Shopify ran on a single Rails monolith for over a decade. By 2016, 600+ engineers were working in the same codebase and deployments had become the team's biggest bottleneck. Rather than a big-bang rewrite, they executed a Strangler Fig migration over several years:

  • First, they modularised the monolith internally — enforcing strict module boundaries and removing cross-module database calls. This was their "Transform" phase.
  • They extracted the highest-traffic, most-isolated capabilities first: the storefront rendering engine, payment processing, and their API platform.
  • An internal proxy layer (eventually their custom Golang service mesh) routed specific URL namespaces to new services while the monolith handled everything else.
  • Each extraction took a dedicated team 3–6 months including data migration, traffic migration, and the reconciliation period.

By 2020 Shopify had extracted dozens of services but the monolith — now a vastly smaller, modular core — still handled a significant portion of their traffic.
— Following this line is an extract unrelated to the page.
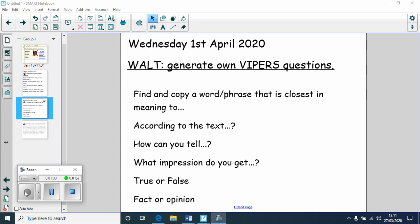You might have a question begin something like 'what impression do you get?' — now these are my favourite types of questions. So your question could be 'what impression do you get of Sarah?' and your answer could be, for example: well, I get the impression that she's quite adventurous. The reason I think this is because in the text it says that she is standing in front of a derelict house in the middle of the night and she's on her own.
The migration was not "finished" and may never be. That is intentional: the pattern is about continuous, risk-managed progress, not a destination.
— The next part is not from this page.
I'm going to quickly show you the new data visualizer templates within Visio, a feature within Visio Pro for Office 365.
Choosing What to Extract First

Not all modules are equal candidates for early extraction. Use this prioritisation framework:

  • High value, low coupling. A module that has few inbound dependencies from other modules but is causing significant pain (deployment bottlenecks, frequent outages) is the ideal first extraction. Notification systems and file-storage modules often fit this profile.
  • Seam availability. Fred Brooks' concept of a "seam" — a place where you can insert new behaviour without changing existing code — is critical. Extract along existing module boundaries, not arbitrary slices.
  • Data ownership clarity. Start with modules that own their data clearly and do not participate in complex multi-table transactions with other modules. Billing and payments, despite being high value, often have deeply tangled data dependencies and should not be first.
  • Team ownership alignment. Extract a module when a single team can take full ownership. A module owned by three different teams is a coordination nightmare to extract.
Run the "Death Star" diagram first. Before migrating, draw every module as a node and every inter-module call as a directed edge. The result is usually a dense tangle (engineers call it the "Death Star diagram"). Modules with few incoming edges are your safest early extractions; heavily connected core modules should be last.

Risks and Mitigations

  • Proxy becomes a bottleneck or single point of failure. Deploy the proxy in a cluster with auto-scaling; add health checks and circuit breakers on both routes.
  • Indefinite co-existence. Teams sometimes lose momentum after the first extraction and never complete the migration. Establish a written decommission date for each migrated capability and hold the team accountable to it.
  • Increased latency during co-existence. A synchronous call that was in-process in the monolith now travels the network. Profile the hot paths first; consider whether async communication is acceptable for the extracted module.
  • Distributed testing complexity. Integration tests that hit the proxy must now handle two different backends. Invest in contract testing (e.g., Pact) to verify the new service's API matches what the proxy and other callers expect.

Summary

The Strangler Fig pattern is not glamorous — it is slow, methodical work that spans months or years. But it is the only production-safe way to migrate a live monolith. The key principles are: always maintain a working system, use a proxy to control traffic split, move data ownership before decommissioning code, extract along seams with clear ownership, and keep momentum with written decommission milestones. Every company that has successfully decomposed a large monolith used some variation of this pattern.